Final answer:
Luke's actual variable overhead cost is B. $280,500. It was calculated by adjusting the standard cost of $292,500 with the given efficiency and spending variances.
Step-by-step explanation:
To find Luke's actual variable overhead during the period, we need to factor in the standard cost, the efficiency variance, and the spending variance. The efficiency variance tells us how much more or less was spent due to efficiency or inefficiency in using the machine hours compared to the standard, and the spending variance indicates how much more or less was spent due to the actual price per machine hour differing from the standard cost.

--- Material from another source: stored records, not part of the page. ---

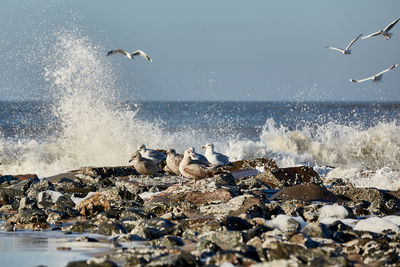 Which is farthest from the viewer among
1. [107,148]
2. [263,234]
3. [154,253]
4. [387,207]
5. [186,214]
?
[107,148]

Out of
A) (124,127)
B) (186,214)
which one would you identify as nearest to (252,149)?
(124,127)

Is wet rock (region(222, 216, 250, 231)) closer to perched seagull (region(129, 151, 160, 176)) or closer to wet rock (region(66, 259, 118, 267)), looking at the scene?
wet rock (region(66, 259, 118, 267))

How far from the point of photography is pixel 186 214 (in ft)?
25.2

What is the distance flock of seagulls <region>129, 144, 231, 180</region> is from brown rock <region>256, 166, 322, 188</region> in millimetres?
830

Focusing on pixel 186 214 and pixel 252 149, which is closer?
pixel 186 214

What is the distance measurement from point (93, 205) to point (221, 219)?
217 cm

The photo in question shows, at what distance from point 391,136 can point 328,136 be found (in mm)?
2062

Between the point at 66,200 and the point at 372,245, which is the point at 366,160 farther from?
the point at 372,245

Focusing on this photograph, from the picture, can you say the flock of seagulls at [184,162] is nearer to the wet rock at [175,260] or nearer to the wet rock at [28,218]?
the wet rock at [28,218]

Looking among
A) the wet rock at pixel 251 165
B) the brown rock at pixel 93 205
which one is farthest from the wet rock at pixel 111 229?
the wet rock at pixel 251 165

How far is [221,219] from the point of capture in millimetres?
7090

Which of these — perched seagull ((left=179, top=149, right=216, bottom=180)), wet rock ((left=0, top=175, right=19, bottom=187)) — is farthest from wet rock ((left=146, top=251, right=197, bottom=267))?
wet rock ((left=0, top=175, right=19, bottom=187))

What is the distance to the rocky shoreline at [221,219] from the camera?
5.32 meters

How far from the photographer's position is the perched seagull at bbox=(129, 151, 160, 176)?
1148 cm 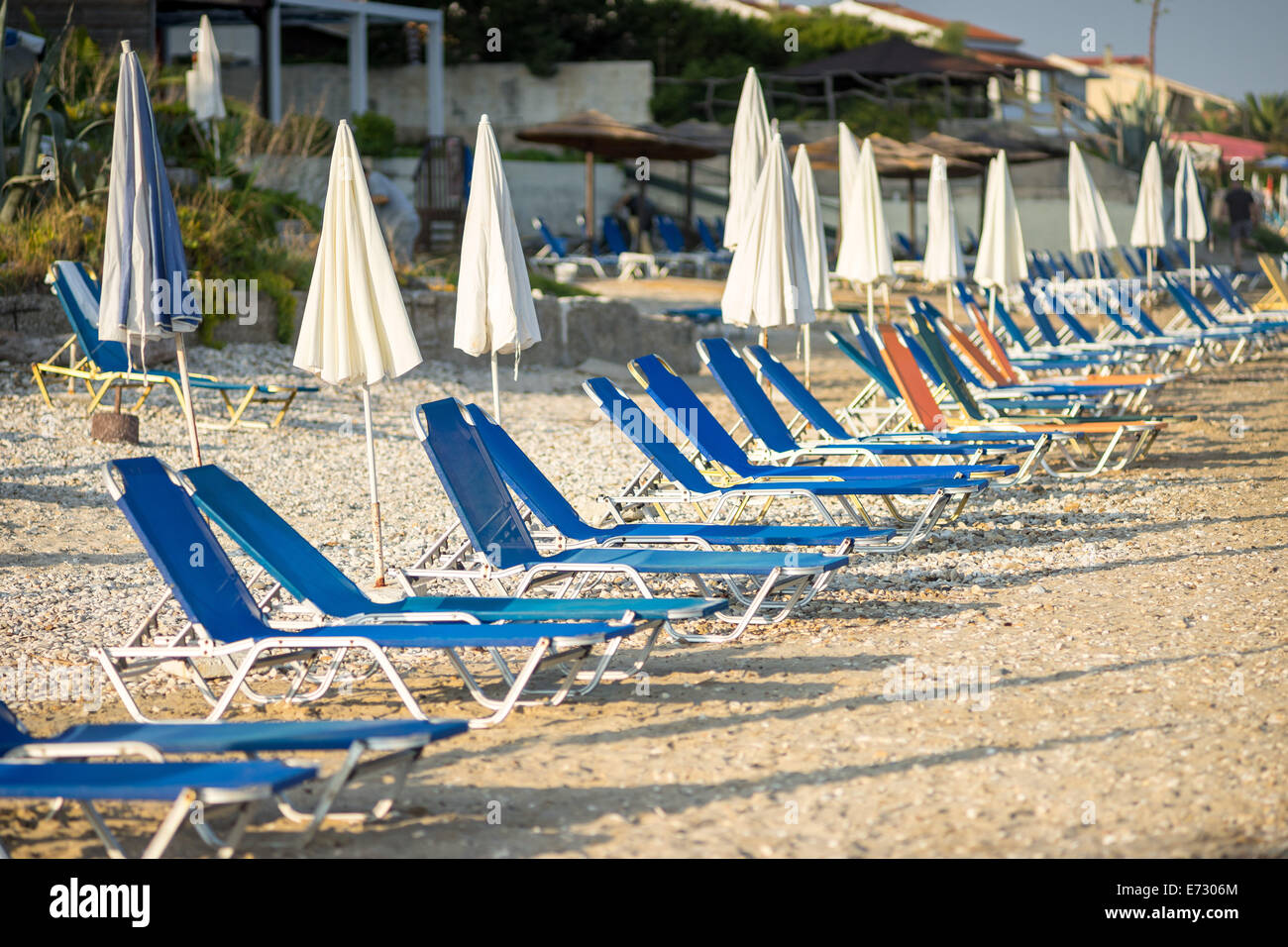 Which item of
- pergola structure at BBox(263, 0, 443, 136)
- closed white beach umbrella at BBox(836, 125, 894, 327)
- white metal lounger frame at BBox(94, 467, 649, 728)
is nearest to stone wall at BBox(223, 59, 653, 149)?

The standard cost for the actual production is calculated by multiplying the actual units produced by the standard machine hours per unit and the standard overhead rate per machine hour. Thus:
- Actual units produced: 19,500 units
- Standard machine hours per unit: 3 hours
- Standard variable overhead rate: $5 per machine hour
Standard cost = 19,500 units * 3 hours/unit * $5/hour = $292,500
The actual variable overhead cost is then adjusted by adding the unfavorable efficiency variance (since more was spent due to inefficiency) and subtracting the favorable spending variance (since less was spent due to a lower actual price):
Actual variable overhead cost = Standard cost + Efficiency variance - Spending variance
Actual variable overhead cost = $292,500 + $9,000 (unfavorable) - $21,000 (favorable)
Actual variable overhead cost = $292,500 + $9,000 - $21,000 = $280,500
Therefore, the correct answer is B. $280,500.